Social Platform Proximity

Oct 17, 2007 – 08:30 by Ryan

Proximity is everything. If you’re a media technology startup and you’re looking for investment, NYC is the place to be.

The same logic holds true for social platform applications. From a technical standpoint, the anatomy of a Facebook platform request is:

  1. User makes a web request to Facebook
  2. Facebook inspects the request and then issues a proxy request to your servers
  3. Your application processes the request and sends the response back to the Facebook servers
  4. The Facebook servers process your response and displays the page to the user
  5. The user interacts with your application and the cycle is repeated

OK, now that we have the two second web service tutorial out of the way we can discuss the importance to social application service providers.

If your application servers are located in New York and the Facebook servers are located in California you’re adding additional latency to your page load times.

If we were cruising along perfectly at the speed of light we would see an additional 13 milliseconds of latency for each packet coming and going. Round trip that would be about 26 milliseconds per packet. In reality, when moving on the same ISP backbone (Level 3) we see roughly 35 milliseconds latency per packet or ~70 milliseconds round trip.

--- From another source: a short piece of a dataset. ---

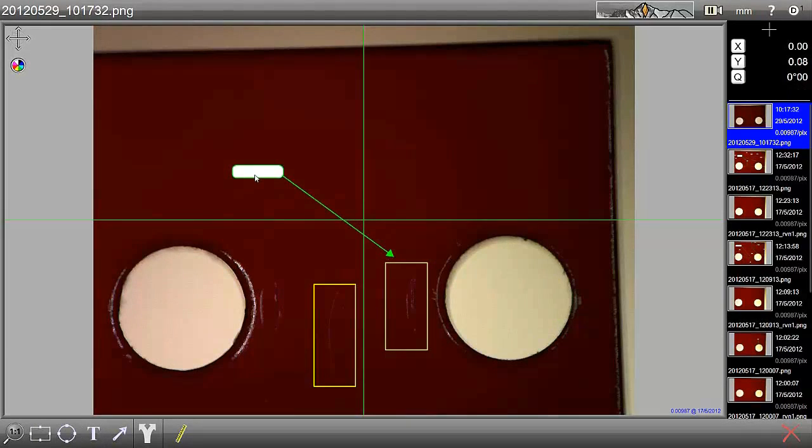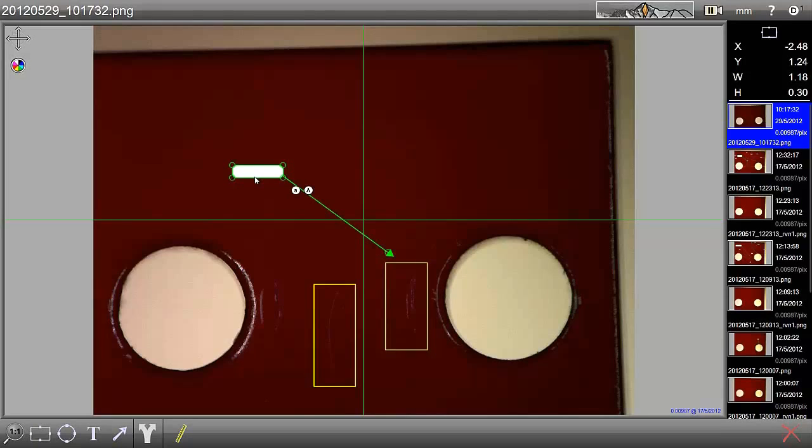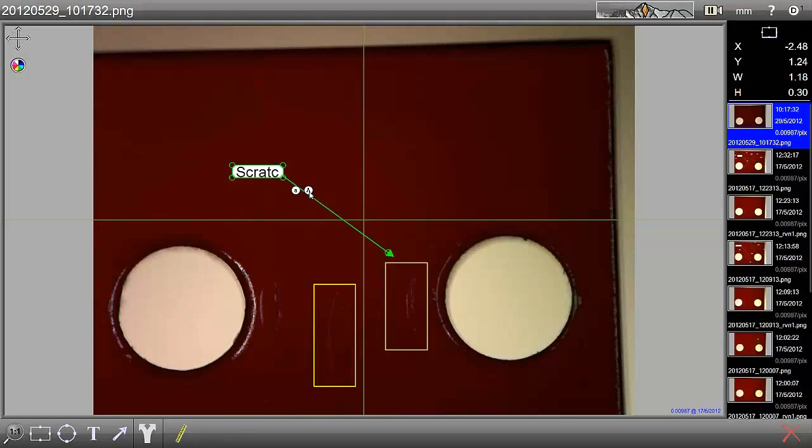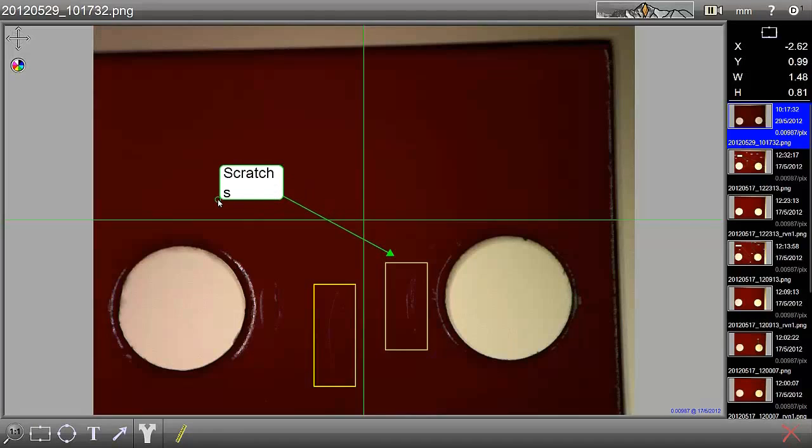We will draw an outline here, select the box and then enter whatever the problem is. In this case, it's scratches. We can then make this text bigger by using the button here. And we can make the box bigger by stretching it using the mark here.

Our basic testing indicates that our applications which are hosted on servers in NYC have about a 200 millisecond network tax per page. This isn’t terrible but the geographic distance and network diversity also increases the likelihood of a dropped packet, which would kill your page load time. If you’re not concerned about slow page loads in your Facebook application, you should be. Facebook will timeout the request from their servers to yours if you take too long. The result is an ugly error page.

How is this problem solved?

Social Platforms need to be geographically distributed. Facebook has enlisted the help of Akamai but that doesn’t solve the problem that all their proxy requests are coming from the same location (California).

Google should be well positioned because they already have a massively distributed system. Something only the Googlers know is if their system is capable of handling the frequent social application changes? A basic way of looking at this is to ask how long it will take for the changes in my profile to be seen by users around the world.

How is this problem solved (today)?

Move your servers to California and make sure they’re sitting in a Level 3 data center. You’ll be in close proximity to LinkedIn, Facebook, hi5 and MySpace.

If you work in marketing at Level 3 you can make the check payable to Deft Labs Inc.